Evaluatie subsidieregeling zij-instroom po G5
De aanpak van vijf gemeenten om de zij-instroom in het primair onderwijs te verbeteren. Wat zijn de resultaten na 4 jaar?
De aanpak van vijf gemeenten om de zij-instroom in het primair onderwijs te verbeteren. Wat zijn de resultaten na 4 jaar?
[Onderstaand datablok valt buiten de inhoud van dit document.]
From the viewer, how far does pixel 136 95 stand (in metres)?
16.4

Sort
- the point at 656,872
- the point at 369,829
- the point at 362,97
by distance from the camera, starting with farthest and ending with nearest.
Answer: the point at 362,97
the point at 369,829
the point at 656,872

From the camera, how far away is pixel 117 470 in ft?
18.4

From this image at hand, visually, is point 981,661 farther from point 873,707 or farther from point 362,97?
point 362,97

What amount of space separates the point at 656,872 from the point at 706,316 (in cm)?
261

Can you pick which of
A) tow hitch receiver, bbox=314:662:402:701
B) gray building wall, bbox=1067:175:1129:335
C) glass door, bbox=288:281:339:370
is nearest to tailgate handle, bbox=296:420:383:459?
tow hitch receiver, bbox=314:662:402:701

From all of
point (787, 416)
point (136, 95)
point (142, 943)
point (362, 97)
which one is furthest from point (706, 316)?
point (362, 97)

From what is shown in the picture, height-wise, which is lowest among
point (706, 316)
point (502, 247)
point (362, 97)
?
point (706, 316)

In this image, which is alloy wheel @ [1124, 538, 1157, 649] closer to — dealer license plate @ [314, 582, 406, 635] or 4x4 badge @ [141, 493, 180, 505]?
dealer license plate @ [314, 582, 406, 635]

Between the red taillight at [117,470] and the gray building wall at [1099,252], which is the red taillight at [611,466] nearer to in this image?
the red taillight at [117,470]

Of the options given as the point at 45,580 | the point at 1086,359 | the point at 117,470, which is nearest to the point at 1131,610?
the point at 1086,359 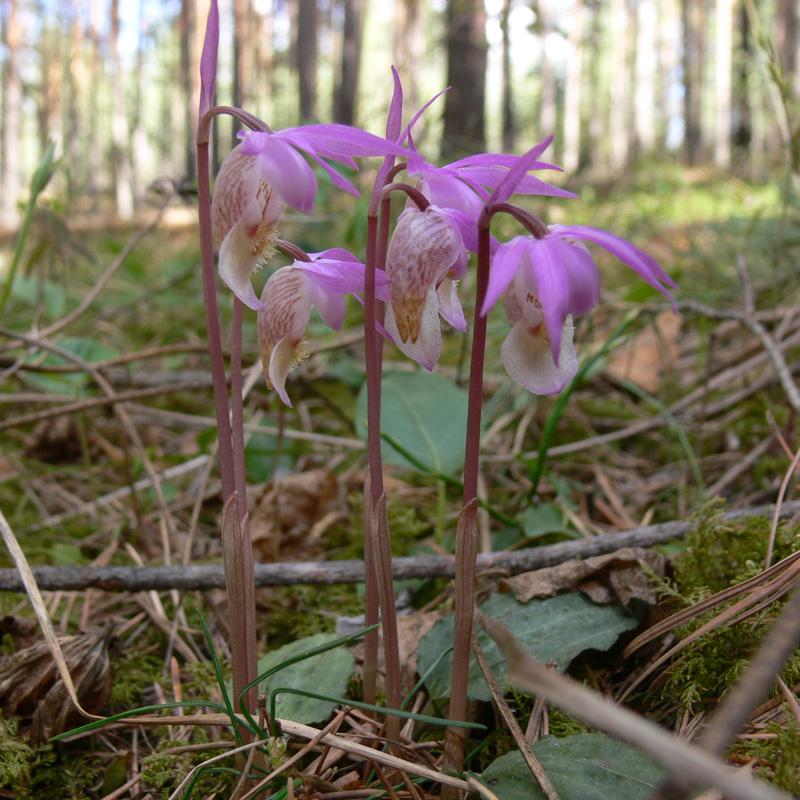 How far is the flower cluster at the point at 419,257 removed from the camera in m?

Kennis, R., Visser, B., Vermeulen, H., De Geus, W., Schoevers, E., Weijers, S., Van de Vrie, M. & Elshof, D. (2023)
RAPPORT: 23-13
In 2020 is met de subsidieregeling zij-instroom PO G5 voor vier jaar een budget van €36 miljoen beschikbaar gesteld aan de schoolbesturen voor (speciaal) basisonderwijs en het (voortgezet) speciaal onderwijs in Amsterdam, Rotterdam, Utrecht, Den Haag en Almere om het zij-instroom traject te verbeteren. In opdracht van het ministerie van OCW hebben KBA Nijmegen, Oberon en Kohnstamm Instituut deze subsidieregeling geëvalueerd. Er is onderzocht hoe de aanpak zij-instroom in de 5 gemeenten eruitziet, hoe de uitvoering verloopt en wat de opbrengsten en effecten zijn van de aanpak.
De evaluatie richtte zich op verschillende onderdelen van de aanpak van de zij-instroom waarop verbeteringen zijn ingezet, zoals de werving, informatievoorziening en voorlichting, de oriëntatie en het voortraject, de matching, de begeleiding van zij-instromers (op school en door de lerarenopleiding) en het opleidingstraject zelf. Er is gekeken hoe in de vijf steden de samenwerking verloopt, welke partijen betrokken zijn, en op welke onderdelen van het traject activiteiten zijn ingezet ter verbetering.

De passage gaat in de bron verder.